Despite growing globalization, parenting techniques around the world continue to vary widely. In How Eskimos Keep Their Babies Warm by Mei-Ling Hopgood, she blends research, interviews, and personal experiences to prove there are many ways to be a good parent. In my first blog on this book, I looked at the following chapters: “How Kenyans Live Without Strollers” and “How the Chinese Potty Train Early.” While most of the title is directed towards moms, the chapter, “How Aka Pygmies Are the Best Fathers in the World,” ended up captivating me the most.
According to Hopgood, the Aka are a community of approximately 30,000 people living in the forest that border the Congo and the Central African Republic. Hopgood explains, “They are among the last true hunter-gathering people on earth.” Hopgood references the work of anthropologist Barry Hewlett, author of Intimate Fathers: The Nature and context of Aka Pygmy Paternal Infant Care, when she relates how Aka children spend equal time with both parents. Apparently, “Aka dads harness their babies in infant slings and take them on hunts, babysit when moms need to set up camp, and bring them along when they let off steam with the guys at a palm-wine happy hour,” Hopgood explains.
Hopgood reports how Barry Hewlett claims, “There’s a level of flexibility that’s virtually unknown in our society.” And as far as Hopgood is concerned, “The Aka have become living proof that fathers can and do participate evenly in child care, if called upon, if expected, and if given the right circumstances and support.” So why aren’t more fathers like this? Hopgood explains that according to anthropologist Margaret Mead, “Tribes and nations that expect their men to go to war tend not to let their men get too close to their young.” The Aka are an example, Hopgood points out of a non-warring tribe. Hopgood also explains how “expectations feed the way we behave. If we assume that men shouldn’t be affectionate with children, they won’t be.”
While more and more research is showing how children benefit from time spent with their fathers – more sociable, adaptable, and better performing in school – Hopgood reports, according to the Fatherhood Institute, of the 156 cultures studied only 5% helped fathers be closer with their little kids. A perfect example of this is paternal leave. Hopgood relays, “The United States is one of the stingiest of the world’s wealthy countries when it comes to any kind of paternity leave…placing last with zero weeks of paid leave required by law and twelve weeks of upaid leave only for employees of firms with more than fifty employees. By contrast, Sweden offers dads two months paid leave, according to Hopgood. She writes, “If daddy didn’t take it, the family would lose it.” As you might imagine, 85% of Swedish fathers take paternity leave.
When my first daughter was born, I was teaching in New Jersey and able to secure my pension if I finished out the school year, so my husband, a Federal employee, took paternity leave. He still considers those months as some of the best in his life (and will frequently tease that all her achievements stem back to their time together ;-). While our declaration that my husband was on paternity certainly turned a few heads, it’s something I wish every dad and child could experience.

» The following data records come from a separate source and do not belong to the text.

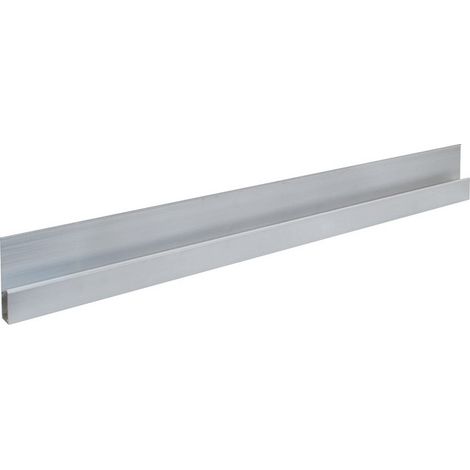 Cartucce Alu h L.1200mm con cordone di rinforzo Alu.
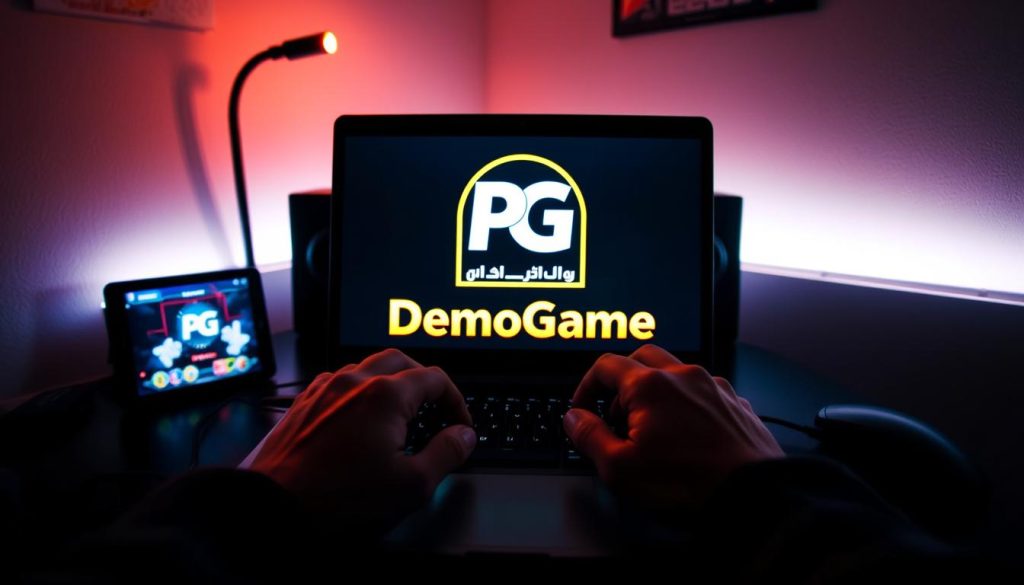 วิธีเล่นdemo PG DemoGame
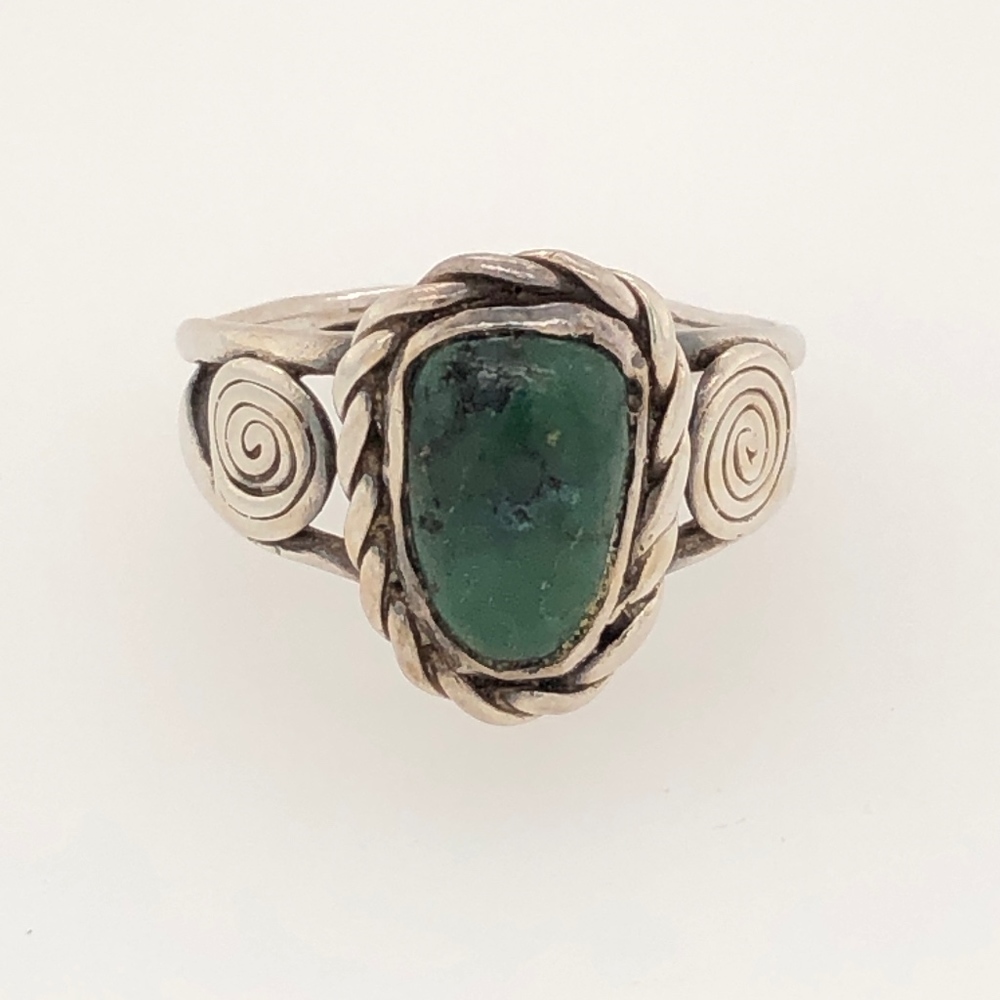 Silver Ring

As far as Barry Hewlett is concerned, “Our value of children has to increase.” Hopgood admitted that her and her husband negotiated daily over who would take care of their daughter. Ultimately, she came to wonder if they shouldn’t be arguing over how they could spend more time with her. This idea really resonated with me, especially with summer approaching and so many families making arrangements to busy their children so they can get their work done. What if American parents abandoned their quality versus quantity mindset and took a lesson from the Akas? Anthropologist Barry Hewlett argues, “The Aka relationship is special not because of how a father interacts or plays with his child but because father and child know each other exceptionally well because of the time they share together.”
So if you’re up for experimenting with your tried-and-true traditions, check out Mei-Ling Hopgood’s How Eskimos Keep Their Babies War. Her chapters on “How Polynesians Play without Parents” and “How Mayan Villagers Put Their Kids to Work” are really interesting as well. You might not be ready to adopt all of their practices, but at the very least, you’ll have a world of new ideas.